Fuck. After Brian employed Siobhan to find 10 good things about Post-Traumatic Stress Disorder, she told me about it, and then employed me to do the same.

While she had put time, thought and effort into coming up with her list, I am unable to do that.

My PTSD has me always in the present.

So when people are getting ready to leave a place, I can’t think that I should start my car with the remote I finally have for it to warm it up because I’m too focused on if we are going to hug goodbye and that I have to be ready for it if we are, because I have to make sure you like me and I’m doing this socializing thing correctly.
That literally just happened to me.

Like in my last post, I said it is really hard for me to think ahead because I’m so caught up in that silly old fight or flight nonsense every waking moment of the day. It’s also difficult for me to think back to anything (say, like thinking about Siobhan asking me to think of ways PTSD is good). I wouldn’t dream that was possible, until I read her post.

choose to become

So, I’m giving it a shot. Here goes:

  1. I am always present for my kitties. I know exactly how they are feeling (and if they are about to strike, like my older cat constantly does), and how many dots are on their nose at all times.
  2. I know what is wrong with me at all times. This one’s handy for building up my ability to get my needs met. I always know when I am uncomfortable and should ask for something to be different. Whether I do or not is completely up to me.
  3. I always know that there is not a person hiding in my backseat. I check pretty much every time I get in my vehicle. You know, whenever someone could be hiding back there.
  4. I have a severe empathy for other people. I know what it feels like to be broken, to be lost, to be scared and to feel alone. I can make that space for you and tell you I understand.
  5. am a caretaker to the hurt. I am the friend that will support you, that will cheer you up when you are sad, mad, upset, whatever. I am always aware of every little change in energy, and now, I know that that energy is not always being sent my way, and I can help people out of it.
  6. I have been a survivor for a really long time. I can show you how I got out of that when everything seemed insurmountable and every emotion seemed too hard to feel.
  7. I know who to watch out for. I can tell a change in tone in an instant. I know when someone is about to get loud and aggressive. I do not play that shit, and I do not allow my friends to deal with it either.
  8. I love the shit out of fun.

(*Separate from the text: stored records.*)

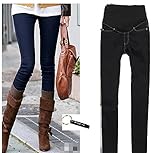 shop-k.p.　マタニティ　デニム調　レギンス パンツ [緊急 ホイッスル セット ] レディース　カジュアル　スリム　 ジーンズ 定番 大きい サイズ　 kp02 (L, ネイビーブルー)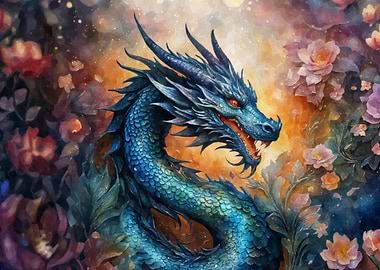 Blue dragon in flowers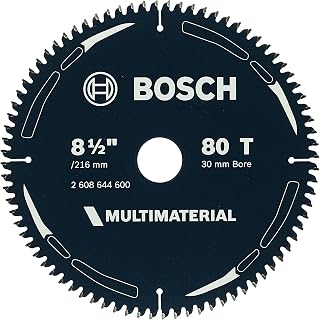 1x Multi Material Circular Saw Blade (for Metal, Plastics, Wood, Ø 216 mm - 8 1/2 inch, 80 Teeth, Bore 30 mm, + Reduction Ring, Professional Accessories for Circular Saws from Most Brands)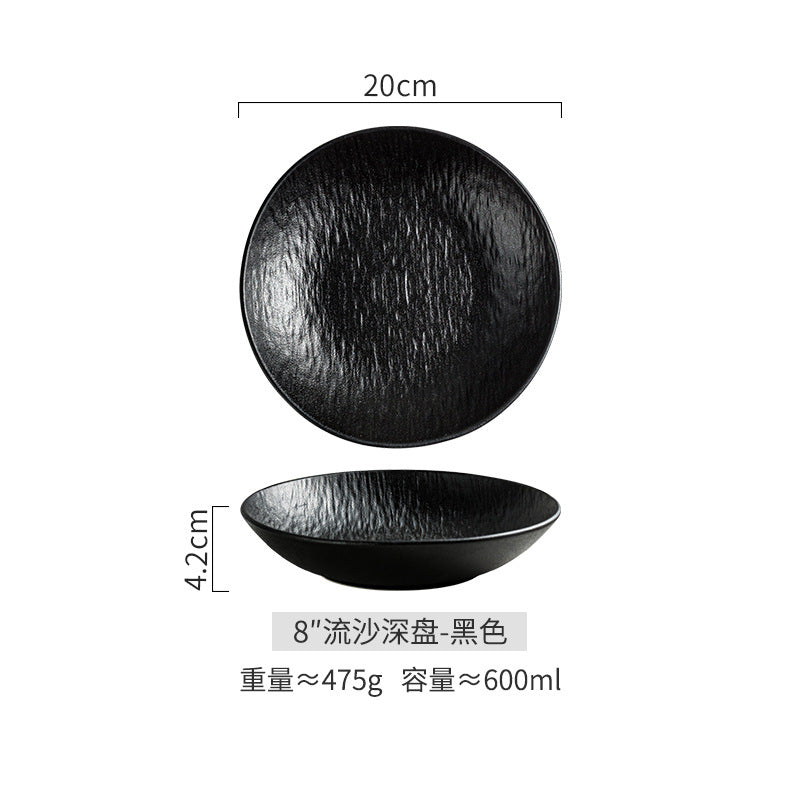 Ceramic Steak Dinner Plate, Household Stone Pattern Western Food Plate, Pasta Plate, Salad Plate, Flat Plate, Round Plate, High-end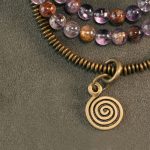 Buddha Stones Purple Phantom Red Hematoid Quartz Green Rutilated Quartz Copper Love Forgive Bracelet Bracelet BS 7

I went through so many years being depressed and laying in bed watching TV. Now, I will go pretty much anywhere for a good time, and I bring the good time with me. It will not be dull around me. As you can see from our first blog post, #nofilter.
  9. I have suffered almost all there is to suffer. I have seen jails, mental institutions and rehabs, and I’ve never been in them. I’ve experienced the loss of both my parents. I have had crippling anxiety and depression and alcoholism and sex addiction and, and, and. My worst circumstances were as a child. There is no stopping me. It is only up from here.
  10. I go to great lengths and have big dreams. I have seen the depths of human emotion. I will stop at nothing to see the brightest of them. I will be a traveling editor. Watch me.
  11. I even have a bonus one! I go hardcore at my spirituality. I never stop growing, learning about myself and how I can become a better human to myself and the people around me. And this might be the best gift I have ever gotten!